Назад вернулась, как и была, голая и мокрая. Платье висело на стуле. Она взяла в руки аккуратно расправленные вещь и задумалась. Оборотень повесил, как пить дать. Значит нужно в стирку…
— Доброе утро, Даяна, — проурчал ненавистный, но такой красивый голос.
Мгновение назад ее колотила мелкая дрожь, а сейчас стало невыносимо жарко. И так больно, что перед глазами замелькала алые мушки. Если бы могла, убила собственными руками. Ногтями разодрала грудь и проверила, насколько гнилой он внутри, но ее просто скрутят в морской узел.
Развернувшись, Даяна в упор посмотрела на оборотня. Притащился с подносом в руках, а сам выглядит, как разожравшийся ворованный сметаной кот. Помойный и вонючий.
— Не доброе. Ещё раз коснешься меня хоть пальцем — и ты покойник.
Серые глаза потемнели. И, наверное, он хотел что-то сказать, но отшвырнула в сторону платье она пошла в свою комнату.
— Даяна, подожди! — стрелой ударило в спину. Но больше она не поведется ни на мнимую растерянность, ни на любую другую ложь.
— Отвянь, шавка.
Не имея сил отказать себе в удовольствии, Даяна изо всех сил хлопнула дверью.
***
Если и был на свете ад, то он начинался в его комнате, на смятых простынях, что ещё хранили ее запах. Он не мог спать, не мог есть и не мог не думать о пославшей его на все четыре стороны ведьме.
Влад сжал зубы, и снова ударил по крепкому стволу сосны. Костяшки давно сбиты, и на бинтах проступили алые узоры, но физическая боль не перекрывала душевную.

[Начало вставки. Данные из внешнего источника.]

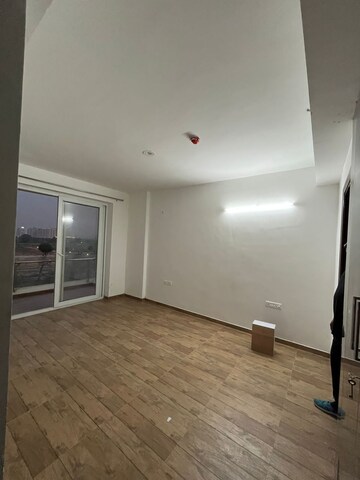 Room in 4 BHK Apartment at BPTP Parkland Pride, Sector 77 – for Sale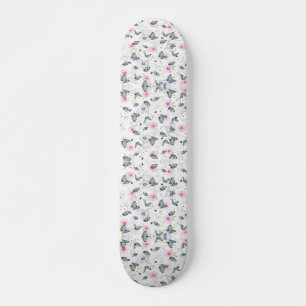 Skateboard Mariposa azul de acuarela vintage y floral rosa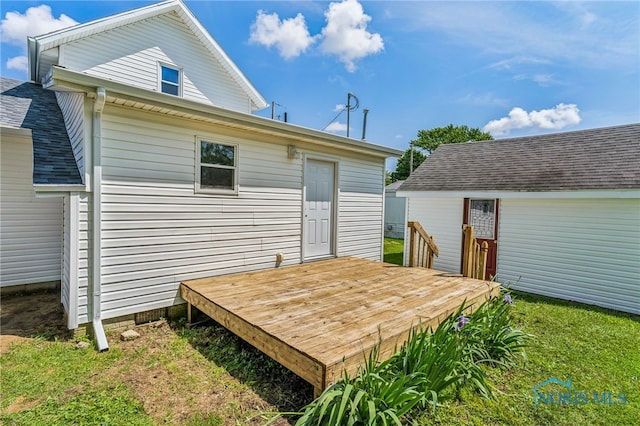 221 Poplar St, North Baltimore, OH 45872 - back of property with a deck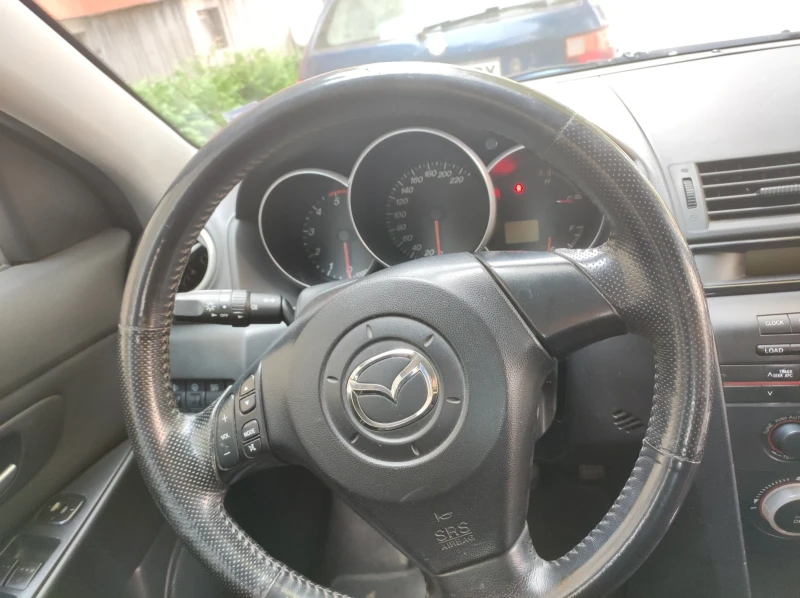 Mazda 3 1.6 , снимка 8 - Автомобили и джипове - 48345983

Знал ведь, что все это херня на постном масле. Что его вольность обязательно аукнется, но чтобы так … И все равно, придурок, тащил ей этот долбаный букет и у плиты выстаивал. Специально блинчики приготовить решил. Думал, что порадуется, а она на него ушат дерьма вылила. Сколько ярости во взгляде! Как будто он силой ее вчера заставил в ванну прийти, а не на добровольных основах
А может оно и к лучшему! Сбитые кулаки вспыхнули болью, но Влад и не подумал останавливаться. Бил и бил, каждым ударом подтверждая горькую правду.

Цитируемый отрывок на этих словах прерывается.